In the same procedure to reduce the training difficulties, Roy and Datta (2017) used fuzzy logic-based adaptive neuro-fuzzy inference system (ANFIS). The main advantage of fuzzy logic is that instead of using multiple surrogate models for multiple output problems one surrogate is efficient for all regions of solution. Other notable works on surrogate models have been performed by Bhattacharjya and Datta (2009), Papadopoulou et al. (2010), Ataie-Ashtiani et al. (2013), Kourakos and Mantoglou (2013), Hussain et al. (2015), Christelis and Mantoglou (2016b), Christelis et al. (2018), and Lal and Datta (2019).

4.4 Combined Approach Using Density-Dependent Model and Sharp Interface Model

Due to its linear nature, sharp interface models are less complicated compared to density-dependent models (Cheng et al. 2000). However, the simplification of the sharp interface model leads to an overestimation of the extent of the saltwater–freshwater wedge (Dausman et al. 2010; Dokou and Karatzas 2012). Results of the numerical model by the sharp interface in the estimation of the saltwater–freshwater wedge can be more realistic if dispersion can be included within the sharp interface model. Sharp interface model is a function of head and density ratio. The head is affected by pumping; therefore, modification of density ratio in sharp interface model based on dispersion such that outcomes of the sharp interface model will be similar as outcome of the density-dependent model (Pool and Carrera 2011). This idea was further extended by Christelis and Mantoglou (2016a), where density ratio is modified with the help of density-dependent model within an optimization framework. Christelis and Mantoglou (2016a) designed density ratio such that the location of sharp interface and iso-salinity contour (calculated by density-dependent model) will match.

5 Conclusions

Sustainable exploitation of coastal aquifer requires pumping out a large amount of freshwater keeping the saline water at bay. Managing saltwater intrusion is a complex task due to the conflicting nature of these objectives. A successful management strategy comprises of early detection of saltwater intrusion, predicting the extent and future course of intrusion. Though a majority of the identification technique focuses on the concentration of the salt ions and their origin, coupled approach using geophysical and geochemical approach proves to be better. New detection techniques based on EM method are easy and fast to apply. Airborne EM systems need to be explored more as they can produce reliable results over vast areas in a short span of time.

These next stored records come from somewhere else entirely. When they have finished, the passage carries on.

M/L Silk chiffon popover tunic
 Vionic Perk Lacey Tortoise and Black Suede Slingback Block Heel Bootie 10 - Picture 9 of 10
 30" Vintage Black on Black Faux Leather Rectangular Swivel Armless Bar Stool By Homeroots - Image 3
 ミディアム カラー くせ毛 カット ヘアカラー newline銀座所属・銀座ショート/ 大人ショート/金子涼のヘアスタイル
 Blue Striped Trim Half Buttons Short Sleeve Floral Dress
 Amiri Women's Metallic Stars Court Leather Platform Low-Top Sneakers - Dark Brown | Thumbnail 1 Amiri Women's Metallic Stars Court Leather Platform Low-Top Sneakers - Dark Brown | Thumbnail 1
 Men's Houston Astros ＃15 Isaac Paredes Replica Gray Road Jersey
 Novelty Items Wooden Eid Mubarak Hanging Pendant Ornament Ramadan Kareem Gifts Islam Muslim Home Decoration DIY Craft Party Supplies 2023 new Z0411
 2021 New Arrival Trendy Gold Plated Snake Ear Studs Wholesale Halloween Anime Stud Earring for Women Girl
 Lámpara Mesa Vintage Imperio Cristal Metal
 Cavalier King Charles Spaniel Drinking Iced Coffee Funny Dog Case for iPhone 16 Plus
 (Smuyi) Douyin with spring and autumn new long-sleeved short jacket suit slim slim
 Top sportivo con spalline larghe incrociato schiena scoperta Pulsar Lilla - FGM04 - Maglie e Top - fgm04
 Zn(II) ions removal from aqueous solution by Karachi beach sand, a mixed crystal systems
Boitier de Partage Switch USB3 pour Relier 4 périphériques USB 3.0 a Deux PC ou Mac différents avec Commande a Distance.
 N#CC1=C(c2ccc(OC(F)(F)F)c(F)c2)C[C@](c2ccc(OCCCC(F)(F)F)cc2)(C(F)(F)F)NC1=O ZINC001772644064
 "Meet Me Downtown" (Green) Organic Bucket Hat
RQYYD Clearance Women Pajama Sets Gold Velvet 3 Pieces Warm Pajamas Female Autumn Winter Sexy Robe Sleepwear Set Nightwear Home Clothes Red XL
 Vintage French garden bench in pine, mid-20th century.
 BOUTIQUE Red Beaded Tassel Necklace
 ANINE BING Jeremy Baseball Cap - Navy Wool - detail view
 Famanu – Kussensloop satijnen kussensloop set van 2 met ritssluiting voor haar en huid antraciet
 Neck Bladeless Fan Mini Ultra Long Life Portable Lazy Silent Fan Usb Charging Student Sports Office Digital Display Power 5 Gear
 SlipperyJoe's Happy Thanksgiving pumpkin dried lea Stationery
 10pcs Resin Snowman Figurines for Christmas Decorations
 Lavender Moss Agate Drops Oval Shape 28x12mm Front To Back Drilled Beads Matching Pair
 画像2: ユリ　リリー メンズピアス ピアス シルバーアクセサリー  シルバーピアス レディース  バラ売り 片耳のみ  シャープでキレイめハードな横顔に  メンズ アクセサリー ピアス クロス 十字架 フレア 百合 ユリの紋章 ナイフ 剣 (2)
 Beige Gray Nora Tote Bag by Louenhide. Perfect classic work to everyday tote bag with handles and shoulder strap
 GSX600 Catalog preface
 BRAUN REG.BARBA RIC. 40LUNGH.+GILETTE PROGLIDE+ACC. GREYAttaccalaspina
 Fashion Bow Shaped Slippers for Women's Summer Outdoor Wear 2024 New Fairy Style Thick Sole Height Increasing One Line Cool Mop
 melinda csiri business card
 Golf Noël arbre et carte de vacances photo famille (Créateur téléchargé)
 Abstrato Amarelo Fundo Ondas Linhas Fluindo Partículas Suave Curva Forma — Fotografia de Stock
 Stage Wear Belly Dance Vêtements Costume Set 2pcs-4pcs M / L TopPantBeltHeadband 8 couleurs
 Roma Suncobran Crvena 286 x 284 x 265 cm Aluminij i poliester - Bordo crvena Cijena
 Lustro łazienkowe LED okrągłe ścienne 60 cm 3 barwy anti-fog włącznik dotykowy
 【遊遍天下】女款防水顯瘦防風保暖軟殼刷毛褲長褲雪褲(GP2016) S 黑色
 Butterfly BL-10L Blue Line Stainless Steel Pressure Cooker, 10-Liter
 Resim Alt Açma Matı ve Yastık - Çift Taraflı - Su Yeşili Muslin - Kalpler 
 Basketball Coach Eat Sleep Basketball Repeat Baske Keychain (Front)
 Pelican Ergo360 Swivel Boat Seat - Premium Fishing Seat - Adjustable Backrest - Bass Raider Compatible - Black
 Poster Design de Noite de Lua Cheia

Predicting the freshwater–saltwater boundary accurately is a major challenge in any saltwater management scenario. Both sharp interface models and density-dependent model predict the boundary but have their own limitations. Sharp interface models are quick to simulate but they overestimate the intrusion. Though density-dependent models are more accurate, it consumes an enormous amount of CPU time in the simulation. Thus, direct use of density-dependent models in a linked simulation optimization is not preferred as a management technique. Surrogate models can be a viable alternative to the use of density-dependent model but require extensive data. MNN and fuzzy logic-based ANN may overcome some of the issues with the density-dependent models but still require training.

To overcome these difficulties, the combined use of density-dependent model and sharp interface model is applied. Capability of fast simulation speeds from sharp interface models, and accuracy of prediction in the density-dependent model is used simultaneously in this methodology. Still considerable work needs to be done for further application of multi-objective problems. Computational burden for seawater intrusion management models is still a challenge, especially when linked to a heuristic optimization algorithm in saltwater intrusion management problems. Use of classical optimization often leads to sub-optimal results. Therefore, further work needs to be done to overcome these limitations.